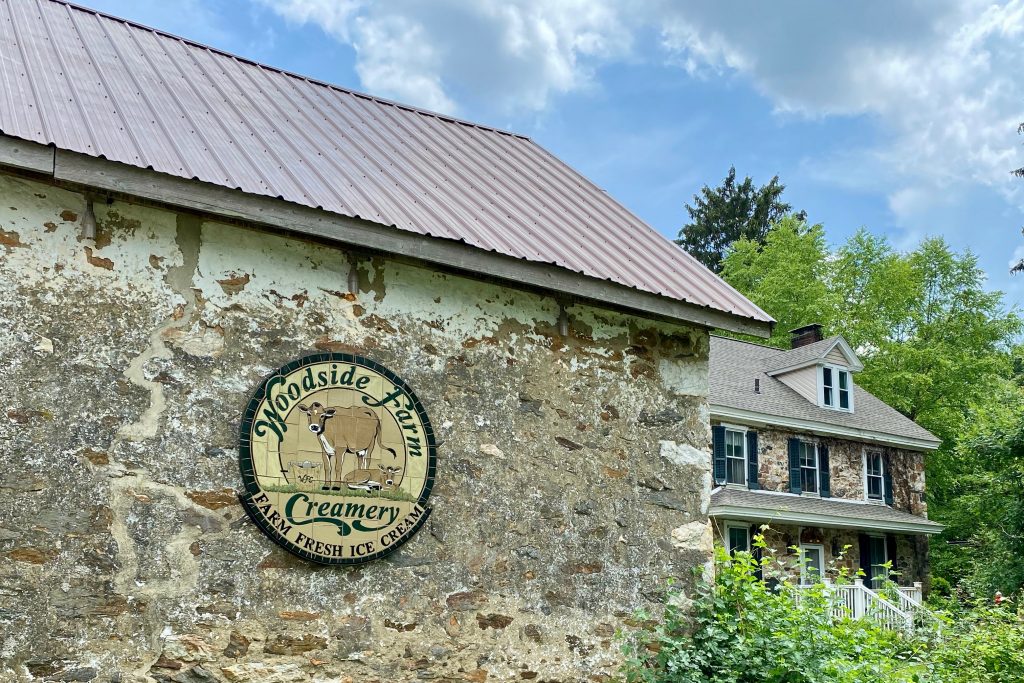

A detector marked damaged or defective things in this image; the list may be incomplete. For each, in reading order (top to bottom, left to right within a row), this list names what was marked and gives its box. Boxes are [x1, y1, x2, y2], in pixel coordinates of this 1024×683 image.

rusted metal roof panel [0, 0, 770, 327]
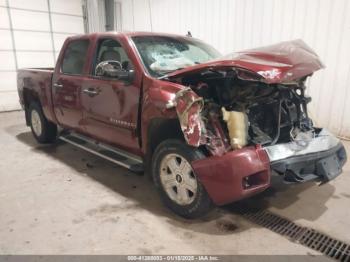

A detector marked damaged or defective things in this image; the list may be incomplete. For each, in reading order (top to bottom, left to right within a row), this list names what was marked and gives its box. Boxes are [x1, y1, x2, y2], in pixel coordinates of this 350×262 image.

crumpled hood [165, 39, 324, 83]
damaged front end [166, 40, 348, 206]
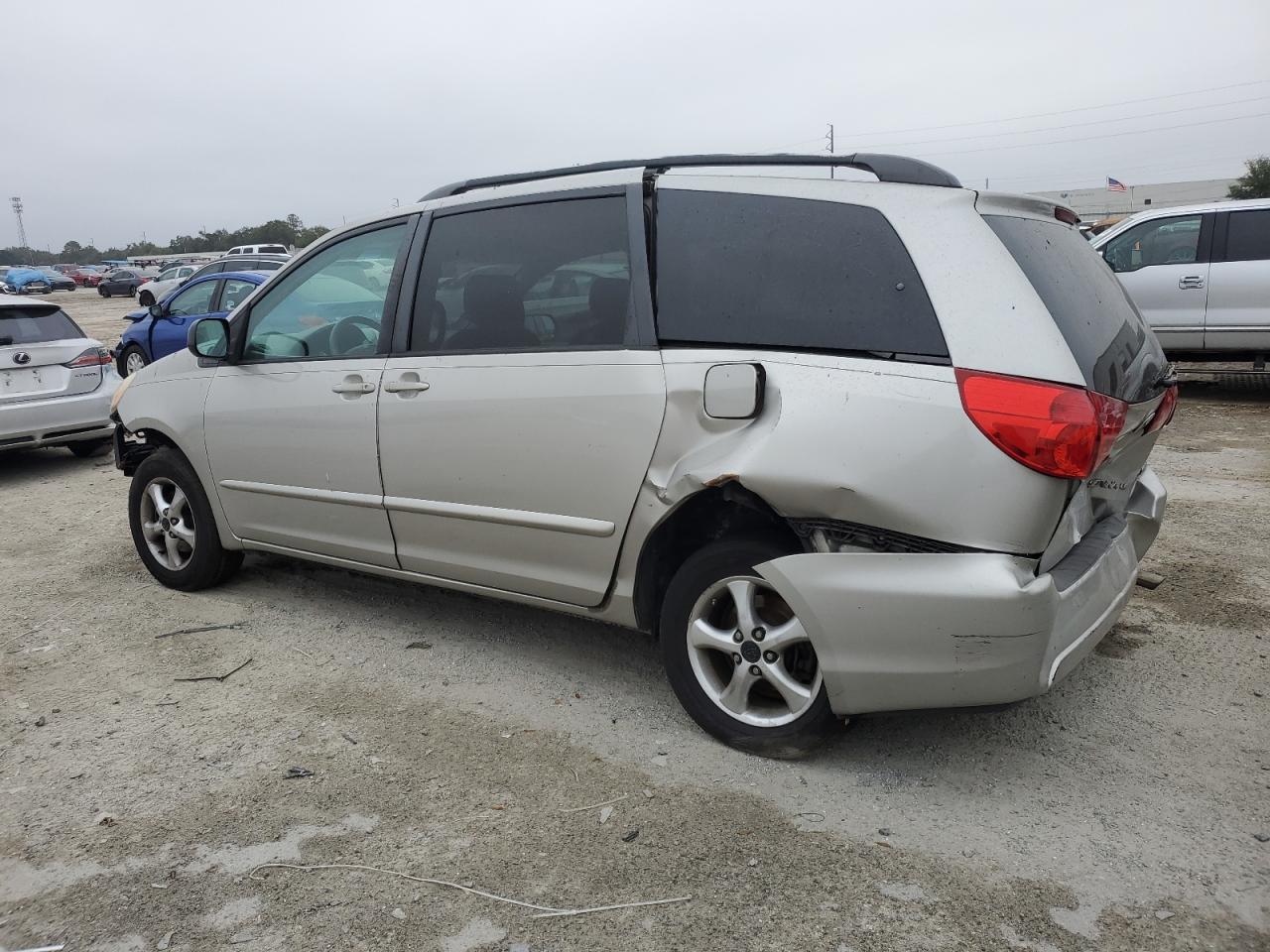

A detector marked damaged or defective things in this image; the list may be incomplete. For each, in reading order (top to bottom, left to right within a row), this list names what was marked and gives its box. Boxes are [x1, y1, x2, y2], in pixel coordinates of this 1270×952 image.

crumpled rear bumper [756, 467, 1163, 721]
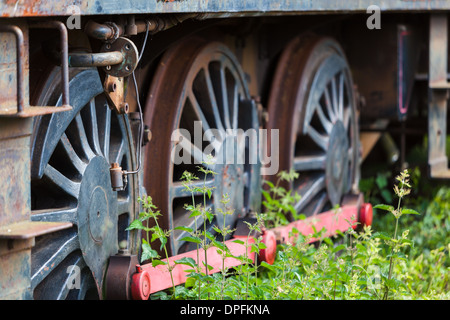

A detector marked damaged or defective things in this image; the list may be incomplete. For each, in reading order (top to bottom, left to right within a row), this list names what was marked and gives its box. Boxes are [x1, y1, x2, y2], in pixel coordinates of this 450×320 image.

rusty metal surface [0, 0, 450, 17]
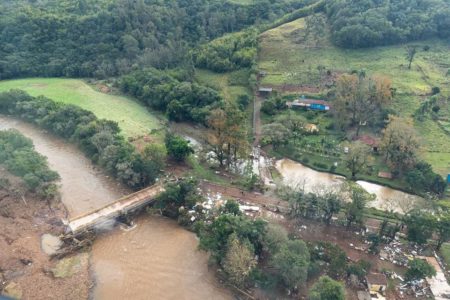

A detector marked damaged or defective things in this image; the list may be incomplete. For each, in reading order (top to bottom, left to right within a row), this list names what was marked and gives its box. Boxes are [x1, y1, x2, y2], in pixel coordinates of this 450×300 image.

broken bridge section [65, 183, 165, 234]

◆ Task brief ◆
All of the entries above must be reproduced exactly, and no image may be included.

◆ The completed task ◆
A detector marked damaged or defective things in this image; the list may be incomplete. For each, in reading order (top to bottom, left to right within a row), this list names what was marked and gives its box. Boxes are [x1, y1, x2, y2], in pixel coordinates of this 1024×683 image.

rusted metal roof panel [0, 0, 770, 327]

A detector marked damaged or defective things in this image; the list may be incomplete. For each, in reading order (top to bottom, left to right within a row), this list names what was marked and gives its box. Boxes are [x1, y1, x2, y2], in pixel coordinates of this 350×262 image.

crumpled hood [165, 39, 324, 83]
damaged front end [166, 40, 348, 206]

A detector marked damaged or defective things in this image; the list may be incomplete. For each, in reading order (top to bottom, left to right within a row), this list names what was marked and gives its box. Boxes are [x1, y1, x2, y2], in pixel coordinates of this 1270×952 image.

crumpled rear bumper [756, 467, 1163, 721]

A detector marked damaged or defective things in this image; the list may be incomplete. For each, in reading order (top to bottom, left to right within a row), this list names what was marked and gives its box. Boxes are [x1, y1, x2, y2], in pixel coordinates of this 450×320 image.

rusty metal surface [0, 0, 450, 17]

A detector marked damaged or defective things in this image; the list may be incomplete. For each, in reading order (top to bottom, left to right within a row), this list names what was marked and gives its box. Boxes are [x1, y1, x2, y2], in pixel coordinates of this 450×300 image.

broken bridge section [65, 183, 165, 234]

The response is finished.